What to produce:
Starting at the line that contains "Find Friend Of the Sea Seafood" and stopping at the line that contains "Wata Cut Straight Leg Jeans - Image 4", restate each line of the records below exactly. Omit the pictures.

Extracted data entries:

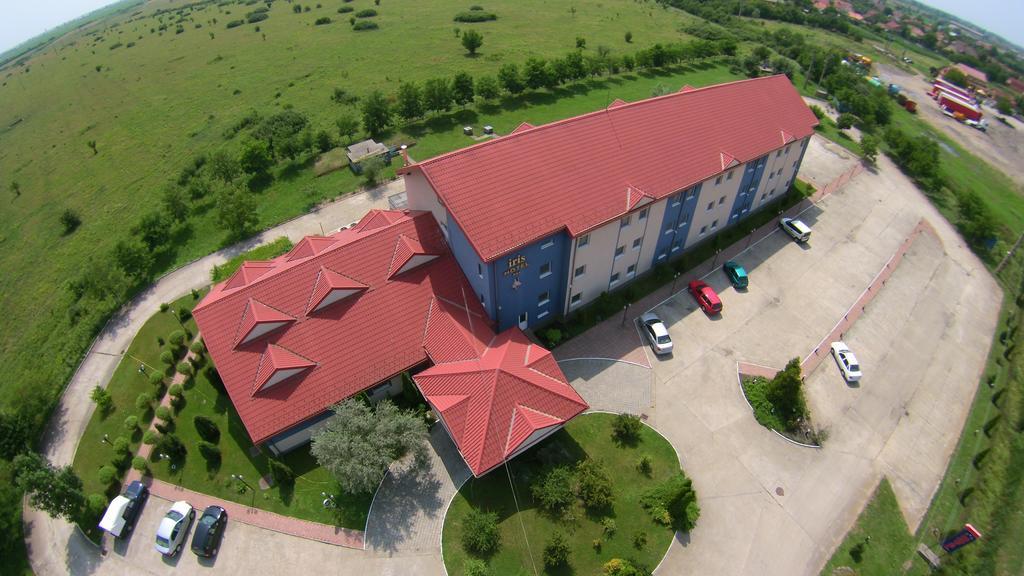 Hotel Iris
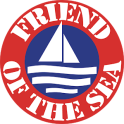 Find Friend Of the Sea Seafood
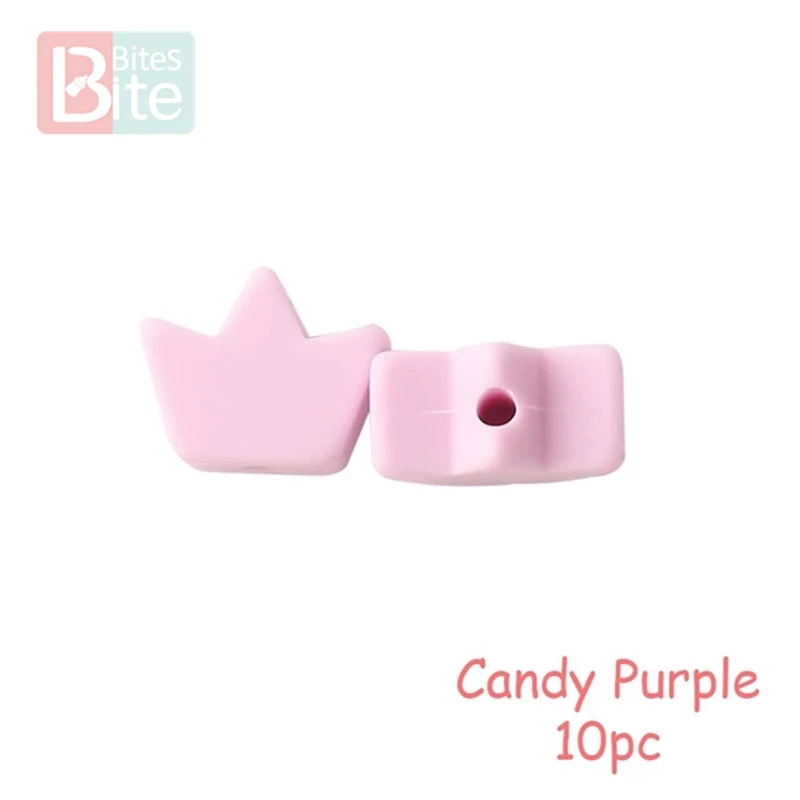 Candy Purple Crown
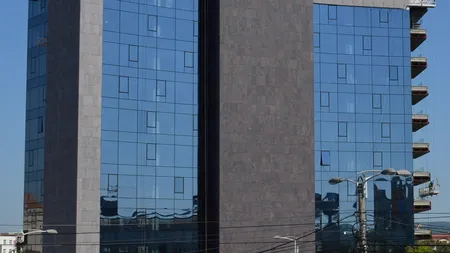 United Business Center Tower Cluj, inchiriata in totalitate inainte de finalizare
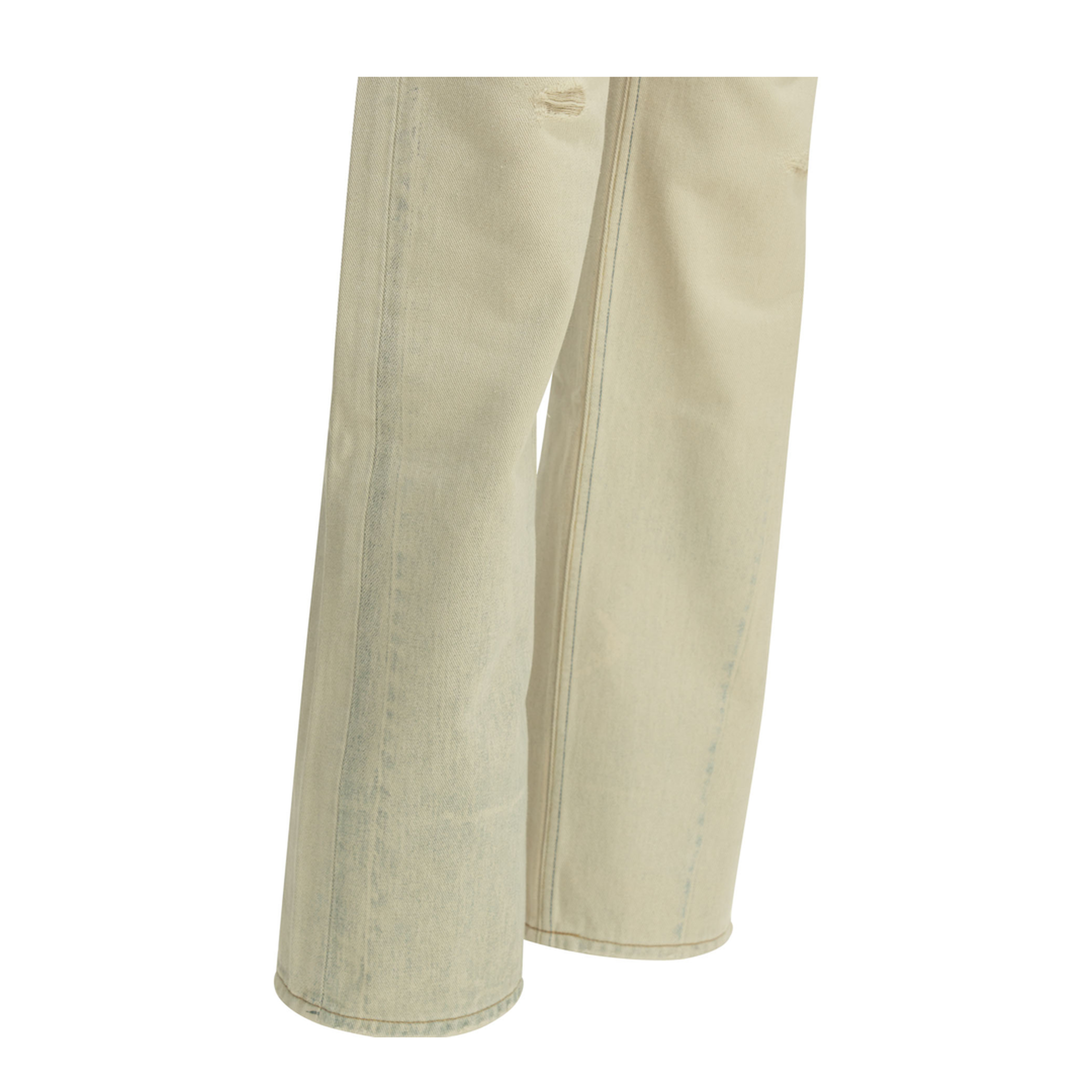Wata Cut Straight Leg Jeans - Image 4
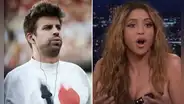 Shakira arremete contra Piqué tras estreno de su último álbum: “No me dejaba, ahora soy libre”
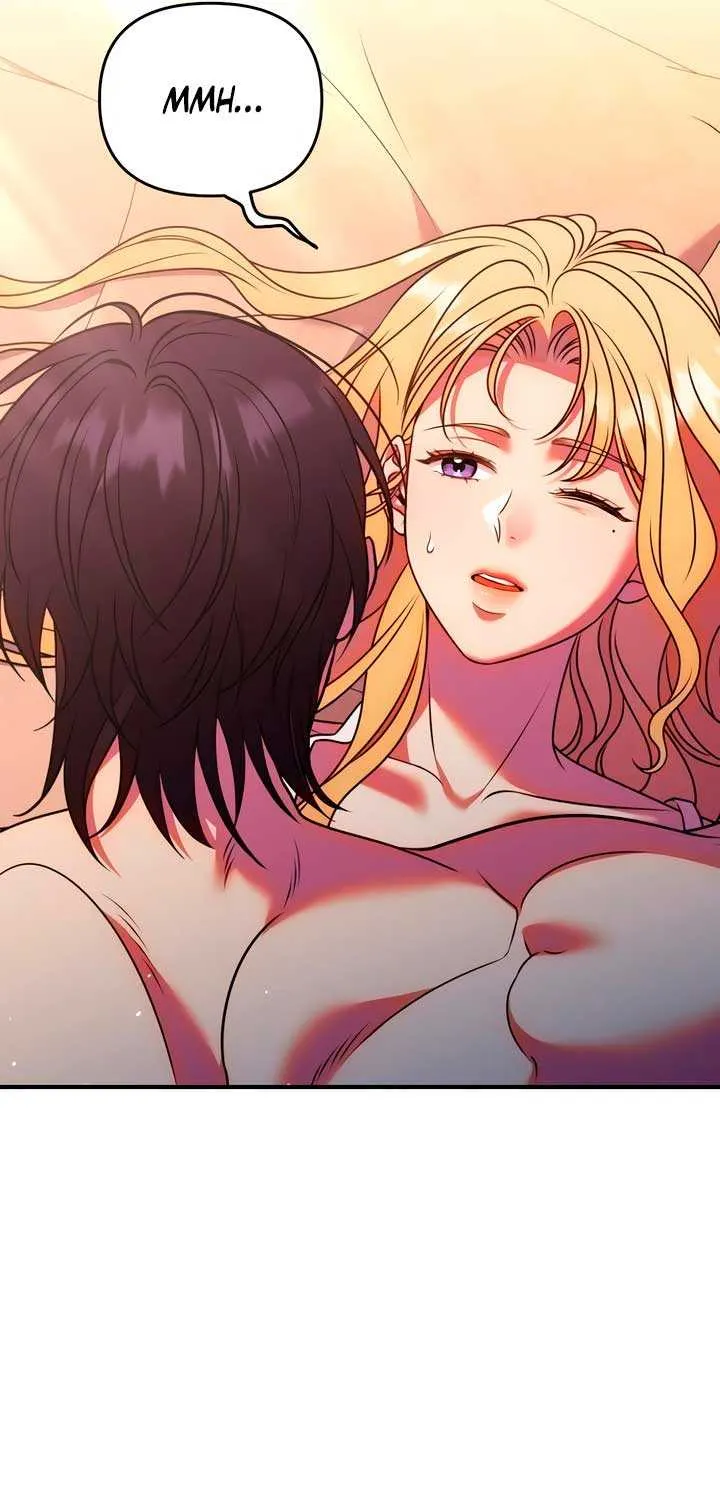Lay Down Your Sword in the Bedroom Chapter 35 page 74 - 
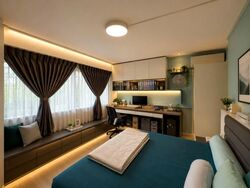 Blk 134 Petir Road (Bukit Panjang), HDB Executive #602094821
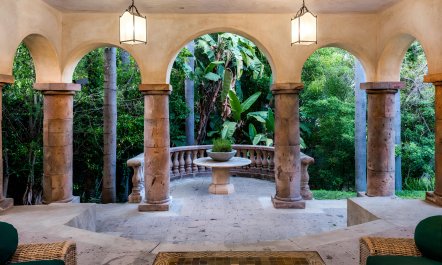 The Tuscan Estate 5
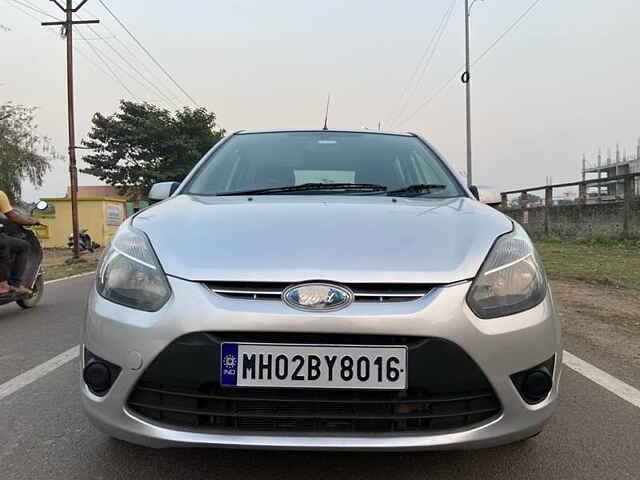 Second Hand Ford Figo [2010-2012] Duratec Petrol EXI 1.2 in Nagpur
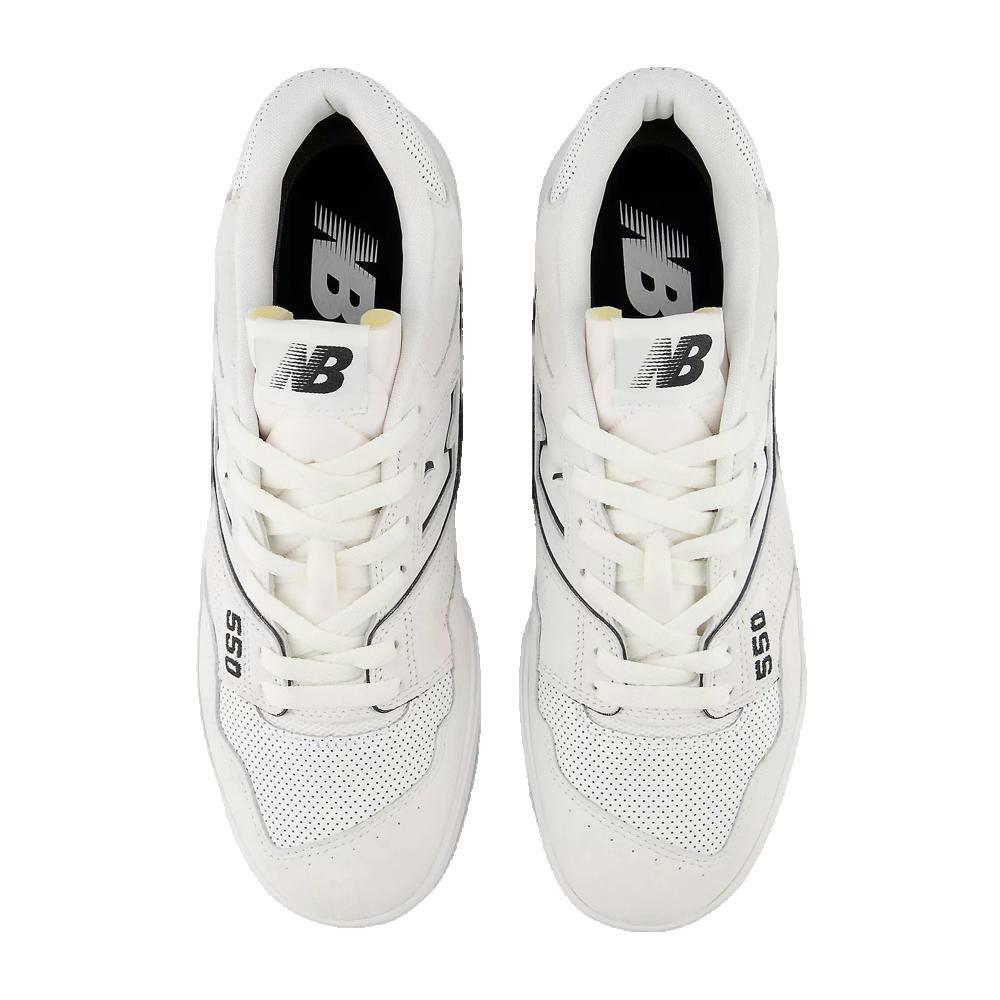 Chaussures Hommes New Balance 550Prb Blancas 44 blanc 2/3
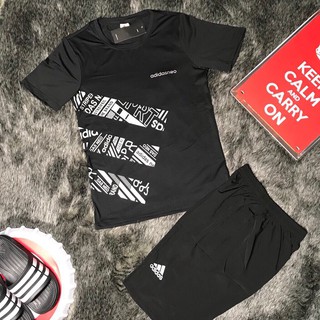 Bộ thể thao cao cấp Adidas Neo Sporty [ hot trend ]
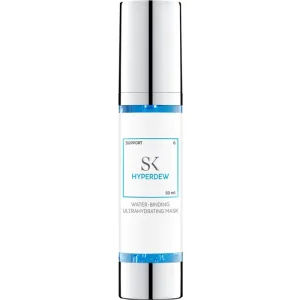 Mască pentru față cu acid azelaic 5% Hyperdew Ultrahydrating, 50 ml, Skintegra
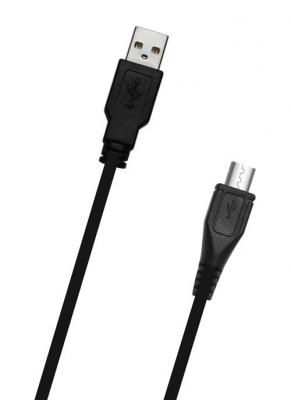 C&acirc;ble Micro USB Alpha Omega Players Mic C6 3 m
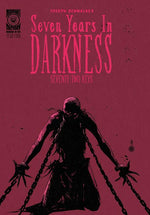 SEVEN YEARS IN DARKNESS SEVENTY-TWO KEYS #1 (ONE SHOT) CVR A JOSEPH SCHMALKE¬† thumbnail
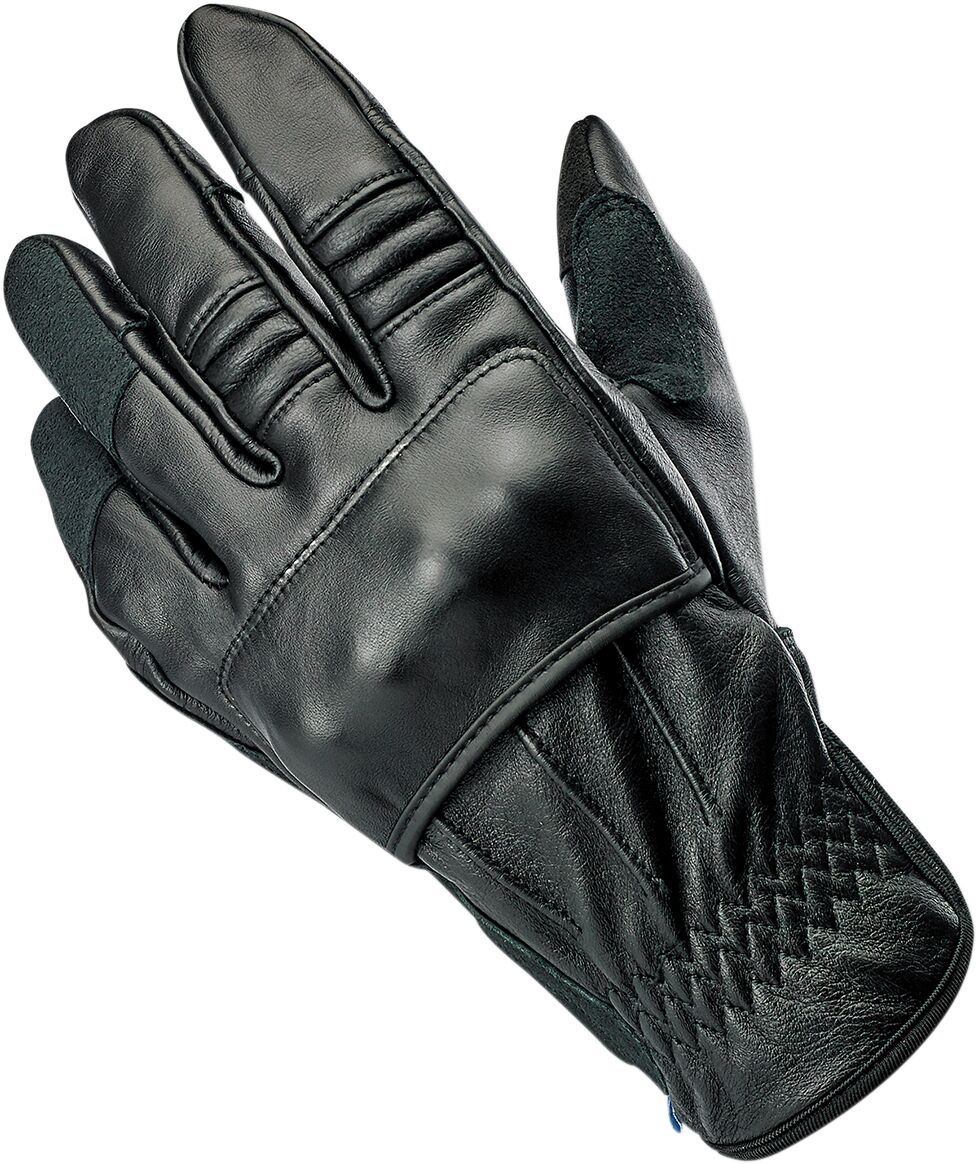 Biltwell Glove Belden Blk Xs Glove Belden Blk Xs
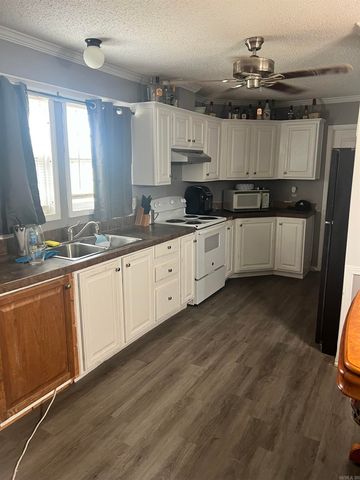 452 Turner Road, Rose Bud, AR 72137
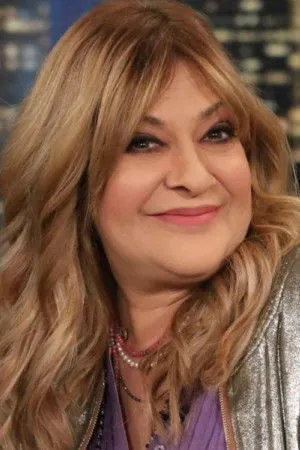 Joyce Evidi profil kép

Written solution:
 Find Friend Of the Sea Seafood
 Candy Purple Crown
 United Business Center Tower Cluj, inchiriata in totalitate inainte de finalizare
Wata Cut Straight Leg Jeans - Image 4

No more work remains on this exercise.